オペラ・ファンにとって、プッチーニの『マダム・バタフライ(蝶々夫人)』は、じつに「困った大傑作」である。それは、見事に美しい音楽と酷い筋書きが奇蹟的にマッチしたオペラ、という以外にいいようのない作品である。
27歳のジェームス・ジョイスが夫人のノラをこのオペラに誘ったとき、ノラは気分を害したという。そのときのことをジョイスは、次のように手紙に書きのこしている。
『君は僕に冷たかった。僕はこの美しく優しい音楽を、君と一緒にただ聴きたかっただけなのに・・・』
男に弄ばれて自害する女の短い一生・・・などという物語は、たとえどんなに美しく悲劇的な音楽で彩られていても、女性にとって受け入れ難いものであるのは当然だ。

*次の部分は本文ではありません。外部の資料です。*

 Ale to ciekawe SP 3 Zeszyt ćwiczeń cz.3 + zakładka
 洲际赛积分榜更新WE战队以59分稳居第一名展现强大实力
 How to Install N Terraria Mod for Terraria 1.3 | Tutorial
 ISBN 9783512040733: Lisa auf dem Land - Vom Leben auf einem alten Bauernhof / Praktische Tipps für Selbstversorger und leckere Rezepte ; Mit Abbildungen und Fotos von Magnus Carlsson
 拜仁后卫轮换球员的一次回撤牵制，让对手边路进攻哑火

だから男も(あるいは女も)その酷い物語から目をそらし、甘美な音楽だけに耳を傾ける。それがオペラファンの常だった。批評家や後生の作家や作曲家も、甘美なメロディとエキゾチズムのなかで、物語に対する評価は避けつづけた。
が、三枝と島田のコンビは、その物語から目をそらすことなく、そこに「子供」(ジュニア)を発見した。これは、世界中の作家、音楽家、そしてオペラファンの誰もが見逃していた大発見である。岡本太郎が「縄文式土器」(の美しさ)を発見したほどの大発見である。

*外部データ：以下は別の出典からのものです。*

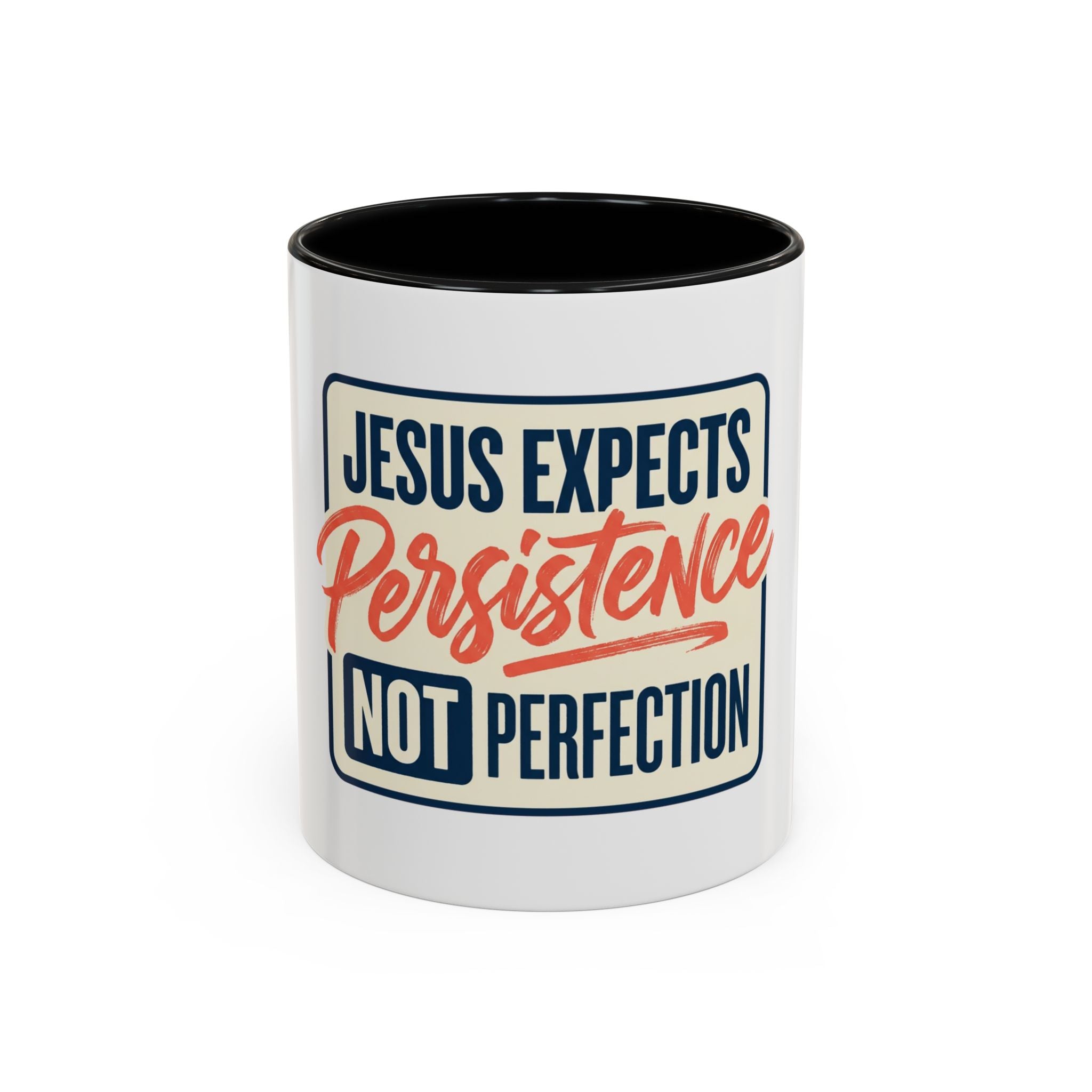 Jesus Expects Persistence Not Perfection Coffee Mug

その発見は、蝶々夫人の末裔たる日本人にしかできないことだろう。が、当然のことながら、単なるオペラ好きや単なる現代音楽の作曲家では不可能なことに違いない。
過去の作品に対する犀利な批評眼を新たな作品に昇華させる想像力と創造力、それにプラスして、ちょっとした遊び心とパロディ精神。それらをすべて兼ね備えた人物にしか不可能な大発見である。それを、三枝と島田のコンビが成し遂げたことに対して、オペラファンとしては快哉を叫ぶほかない。
三枝は、プッチーニに比肩する美しいメロディの創造者であると同時に、シベリウスやモーツァルトの現代版パロディで音楽ファンを唸らせた作曲家である。
そしてオペラに精通した島田は、現代世界の構造分析にかけては最も鋭利な刃をもった作家である。
あとは、この二人が、タッグマッチを組んで大発見した『ジュニアの世界』の幕開けを待つだけである。
はたして、どんな物語、どんな音楽、どんな舞台が展開されるのか・・・。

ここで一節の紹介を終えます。